We must be from about the same age, since I remember those shows as well. Did you also watch "Totally Spies"? It was one of my favourite shows.


i remember it a little. early 2000's was it? cartoon network lol. shows came and went so fast on that channel. you start liking one and then it was gone. =/

our attention spans are not well trained in this generation rofl.


Yeah they did ^^

But atleast it was not our own fault

❤️️💛💚💙💜

jason hill
Red vs Blue Flight Academy
#22 - 2012-12-30 14:04:32 UTC
argghhhh the inhumanity !


was our youth really the nostalgic !Ugh
Krixtal Icefluxor
INLAND EMPIRE Galactic
#23 - 2012-12-30 15:06:43 UTC
jason hill wrote:
argghhhh the inhumanity !


was our youth really the nostalgic !Ugh


Seriously. I always thought of them as an inversion of Sha Na Na.
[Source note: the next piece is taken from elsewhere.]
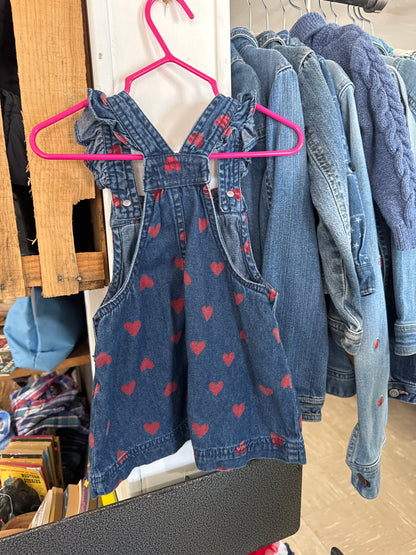 #032925 Heart Dress Size 18M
They actually had a sorta comeback this year. I wouldn't buy that for a dollar.

"He has mounted his hind-legs, and blown crass vapidities through the bowel of his neck."  - Ambrose Bierce on Oscar Wilde's Lecture in San Francisco 1882

Calico-Jack Daniels
#24 - 2012-12-31 04:38:37 UTC
Eurydia Vespasian wrote:


in my teens i started dressing in hot topic clothes.


Hah! Every "hot" girl in H.S. shopped here it seemed... though this was back in the 90s when I was in H.S. (Yikes! 20 year reunion sure doesn't seem that far off! 3 years! oy!)

I go well with Quafe...

Mars Theran
Foreign Interloper
#25 - 2012-12-31 04:56:41 UTC

I suppose driving golf balls over the old tree in the back of the acreage with antique clubs might count. Jumping off cliffs and climbing up and around waterfalls and canyons, swimming in glacier fed streams and pools. Target shooting in sand and rock quarries, (the latter is not a great idea in my experience), driving up old mountain roads or riding them on a dirt bike..
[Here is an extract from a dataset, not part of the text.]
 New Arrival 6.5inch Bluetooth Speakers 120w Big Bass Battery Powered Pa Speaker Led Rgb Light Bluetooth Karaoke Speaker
Trampoline over at a friends place, climbing over burn piles wearing rubber boots, (also not a good idea in retrospect; fortunately the surface was cold enough to not be a problem), sneaking up on wild animals and sometimes having them trying to sneak up on you, or even stalk you for several miles, army games with neighbors and sometimes friends, ...

So many things; the list just goes on. I don't really do any of that anymore, but it does cross my mind now and then. If I happen to be somewhere wild though, have the opportunity and nothing better to do, I do often head off to see what I can find out there. Usually that involves being stocked by a bear or something, which is kind of cool.

..and you thought ganking was fun. Lol
zubzubzubzubzubzubzubzub
Krixtal Icefluxor
INLAND EMPIRE Galactic
#26 - 2012-12-31 14:09:39 UTC
Calico-Jack Daniels wrote:
Eurydia Vespasian wrote:


in my teens i started dressing in hot topic clothes.


Hah! Every "hot" girl in H.S. shopped here it seemed... though this was back in the 90s when I was in H.S. (Yikes! 20 year reunion sure doesn't seem that far off! 3 years! oy!)



You're lucky. My 30th is this October and it's really too hard to absorb that fact.

"He has mounted his hind-legs, and blown crass vapidities through the bowel of his neck."  - Ambrose Bierce on Oscar Wilde's Lecture in San Francisco 1882

Calico-Jack Daniels
#27 - 2012-12-31 14:18:42 UTC  |  Edited by: Calico-Jack Daniels
Krixtal Icefluxor wrote:
Calico-Jack Daniels wrote:
Eurydia Vespasian wrote:


in my teens i started dressing in hot topic clothes.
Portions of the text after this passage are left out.